Secara keseluruhan, volume perdagangan Indonesia-AS tergolong kecil dibandingkan negara-negara dengan hubungan rantai pasokan yang lebih dalam, seperti China dan Meksiko.

Bahkan, Indonesia tidak termasuk dalam 15 besar negara penyuplai impor utama ke AS, di mana posisi pertama ditempati oleh Meksiko, diikuti oleh China.

Ekspor Indonesia ke AS sepanjang tahun 2024 masih didominasi oleh produk manufaktur dan tekstil. Produk-produk seperti tekstil, alas kaki, dan elektronik menjadi andalan utama, mencerminkan posisi Indonesia sebagai salah satu pemain besar dalam industri fashion global serta pemasok elektronik dalam rantai pasokan AS.

Meskipun surplus perdagangan Indonesia dengan AS tergolong kecil dibandingkan negara lain, hal ini tetap menjadi sinyal positif. Permintaan tinggi terhadap produk Indonesia di pasar AS menunjukkan daya saing produk dalam negeri.

Namun, ketergantungan AS terhadap barang dari Indonesia masih tergolong rendah dibandingkan negara seperti China, Meksiko, dan Vietnam.

Dari sudut pandang geopolitik, tren ini bisa menjadi peluang besar bagi Indonesia. Jika AS ingin mengurangi ketergantungannya pada China dan mencari alternatif pemasok dari Asia Tenggara, Indonesia dapat memanfaatkan momentum ini untuk meningkatkan ekspor produk bernilai tambah tinggi.

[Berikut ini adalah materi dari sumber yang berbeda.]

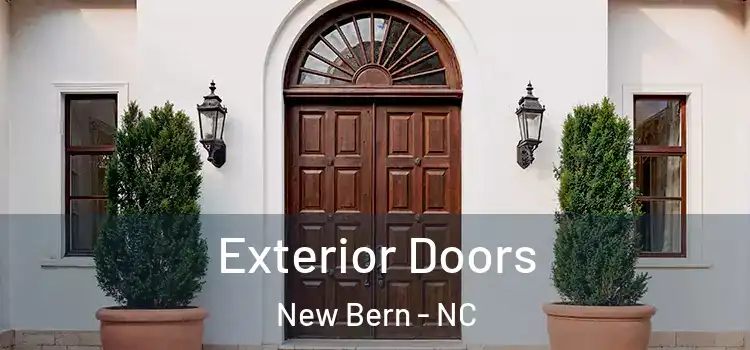 Exterior Doors New Bern - NC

Meski AS mengalami defisit perdagangan dengan Indonesia, angka tersebut masih relatif kecil dibandingkan dengan mitra dagang besar lainnya. Namun, fakta bahwa AS lebih banyak mengimpor dari Indonesia dibandingkan sebaliknya tetap menarik untuk diperhatikan.

Ke depan, strategi yang tepat dapat membantu Indonesia memperluas pangsa pasar di AS. Langkah-langkah seperti meningkatkan daya saing produk ekspor, menambah nilai tambah industri manufaktur, serta memperluas diversifikasi produk dapat menjadi kunci utama dalam memperkuat posisi Indonesia sebagai mitra dagang utama AS.

Namun, ada tantangan yang harus dihadapi. Presiden AS, Donald Trump, dikabarkan berencana menerapkan kebijakan kenaikan tarif terhadap negara-negara yang mencatat defisit perdagangan besar dengan AS.

Meski sementara ini kebijakan tersebut ditunda untuk Meksiko dan Kanada, banyak pihak khawatir bahwa hal serupa bisa diterapkan kepada negara lain, termasuk Indonesia.

Selain itu, AS juga tengah mengevaluasi sekitar 124 produk asal Indonesia untuk menentukan apakah masih layak mendapatkan fasilitas Generalized System of Preferences (GSP).

Jika fasilitas GSP dihapus, produk Indonesia akan dikenakan tarif lebih tinggi, yang berpotensi menurunkan daya saing dan permintaan di pasar AS.